Brief
Exact transcription of the data below is required, without the images.

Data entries
######

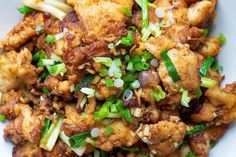 a white plate topped with fried food and veggies on top of each other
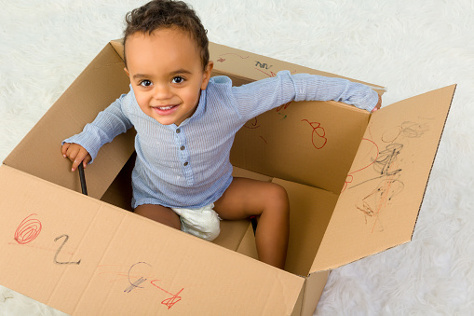 Toddler in a cardboard box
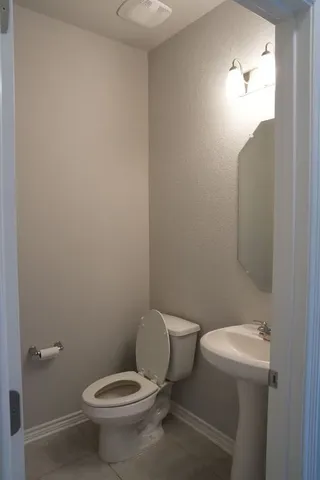 a white toilet sitting next to a bathroom sink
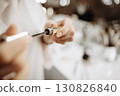Mascara. Makeup artist takes out brush with mascara. Makeup concept, close-up 130826840
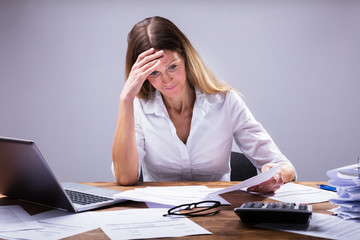 Sad Businesswoman Sitting In Office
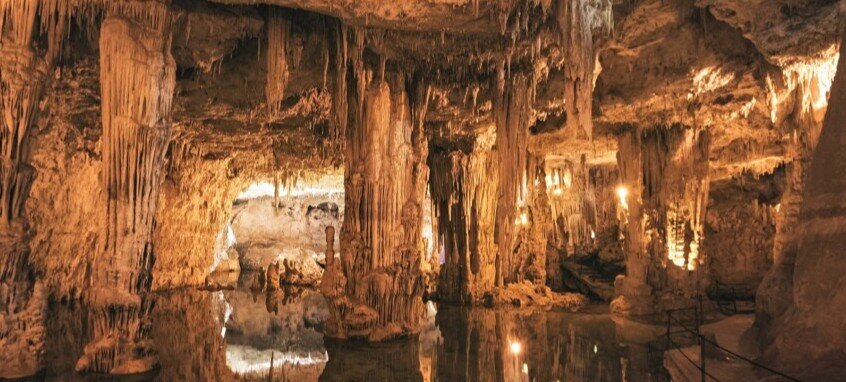 nterno spettacolare delle Grotte di Nettuno ad Alghero, con il suggestivo Lago sotterraneo Lamarmora illuminato, circondato da antiche stalattiti e imponenti formazioni carsiche.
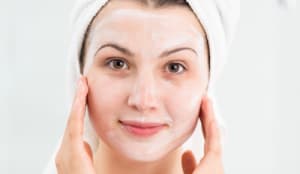 woman moisturising face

######

Output of the exercise
 a white plate topped with fried food and veggies on top of each other
 Toddler in a cardboard box
 a white toilet sitting next to a bathroom sink
Mascara. Makeup artist takes out brush with mascara. Makeup concept, close-up 130826840
 Sad Businesswoman Sitting In Office
 nterno spettacolare delle Grotte di Nettuno ad Alghero, con il suggestivo Lago sotterraneo Lamarmora illuminato, circondato da antiche stalattiti e imponenti formazioni carsiche.
 woman moisturising face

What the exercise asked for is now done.